It's time to call the kids in from the park.
Let's play together
Fort tries to capture the nostalgic feeling of childhood. Of pizza parties, and no inhibitions. Where you could go to the park and ask kids to come back to your place and not have the cops called. Where you would meet all sorts of wonderful children like Doodles, who's defining trait is his Garfield drawing, or Flipper who earned the nickname because he's the only kid on the playground with a coin.
There's been a lot of effort put into this theme, with fully fledged characters for you to enjoy. Despite this, the theme isn't fully realised. Through no fault of the production team. The mechanics of the game don't match up to the theme 1 to 1.
This is understandable because Fort is a re-imagining of an older game, SPQF, which had your more traditional board game theme. It's also a criticism I can only levy at Fort because the theme they chose was so inspired and they went so hard in trying to incorporate it.
But it's gameplay ends up being too mechanical for its own good.
So while there are times in Fort where you'll fall into the theme of the game and try to be the coolest kid on the block. There are also times where you sit back and go I want Dot for the sole reason she gives me the most victory points.
If you put the amazing theme aside, you're still left with an excellent deck-builder.
Well, maybe deck-builder isn't the right word.
While you're going through familiar motions of drawing, playing, recruiting, and discarding. There's notable differences which make Fort stand alone.
A simple example is on your turn you're only able to play one card. This is a large departure from the genre that created 30 minute Dominion turns, where someone would run through their whole deck before their turn was finished.
But this isn't so simple, as a lot of cards can be empowered. Like if I play a shovel card, it may give me the option to empower it with other shovels cards in my hand. It's important to note that the action card, and all the other cards used to empower it are put straight into your discard pile.

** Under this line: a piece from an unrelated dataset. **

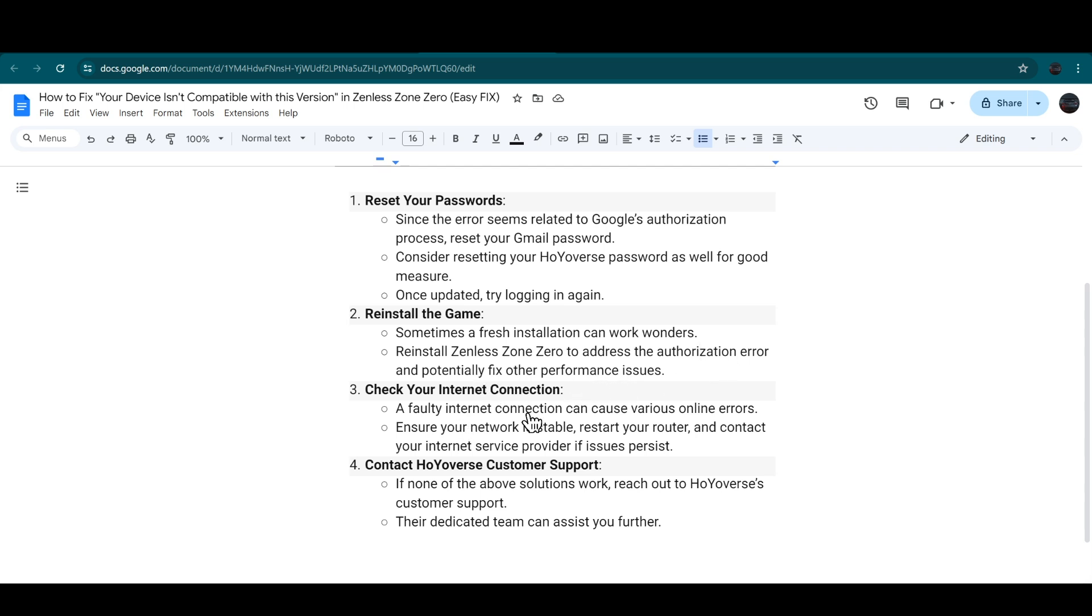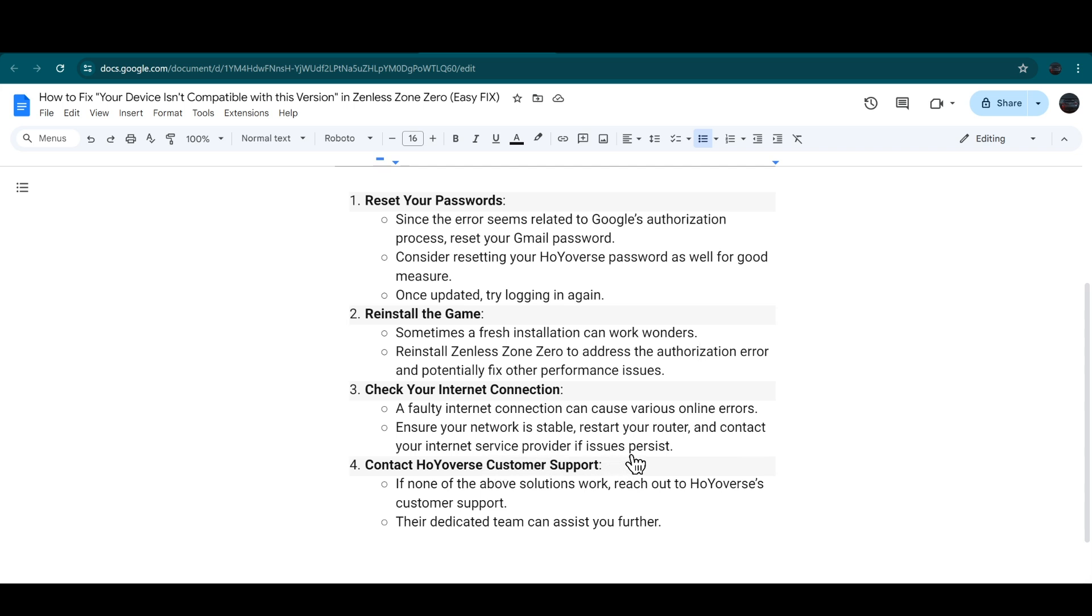Check your internet connection. A faulty internet connection can cause various online errors. Ensure that your network is stable. Restart your router and contact your internet service provider if issues persist.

All other leftover cards in your hand are placed in your yard, where other players can get their hairy hands on them during their recruiting phase.
This is a neat twist on deck-building and adds a lot to the decision making during the game. There will always be some cards you don't want to lose, but the only way to guarantee you won't lose them is to use them. And you might not be in the best position to do that.
So, do you take the risk and send the card to the yard? Or do you play it safe and use it sub-optimally?
Follow the leader
There's also the Follow mechanic, which works a treat in games like Race for the Galaxy, and Glass Road. But also works really well in Fort.
Whenever someone plays a card, you do a circle around the table and every person gets the opportunity to discard a card from their hand of the matching suit. If they do so, they get to use a weaker version of the card. This discarded card goes straight to their discard pile and avoids going to the yard on that player's next turn.
This is a neat way to keep everyone attentive to what is being played. As missed opportunities will cost you an arm and a leg. Or at least a whole butt load of pizza.
It also adds a dimension of figuring out what cards are most likely to appear, and maybe putting one or two of that suit in your deck. Because this is free real estate, and if you're not profiting from it, someone else will!
Let's talk strats
There's a lot of ways to win in Fort but I'm going to boil it down into two major themes: racing to build your fort before everyone else does, or generating an engine to score as many points as possible. In both situations you're racing to get your strategy online faster than Munch can devour a chocolate bar.
However, since everyone is losing cards faster than a typical deck-builder, you're never able to generate a deck allowing you the freedom to pursue your strategy. Instead, you're constantly having to make decisions that are best for that turn, but also are inline with your end goal.
Which brings us back to the question: Do you take the risk and send the card to the yard? Or do you play it safe and use it sub-optimally?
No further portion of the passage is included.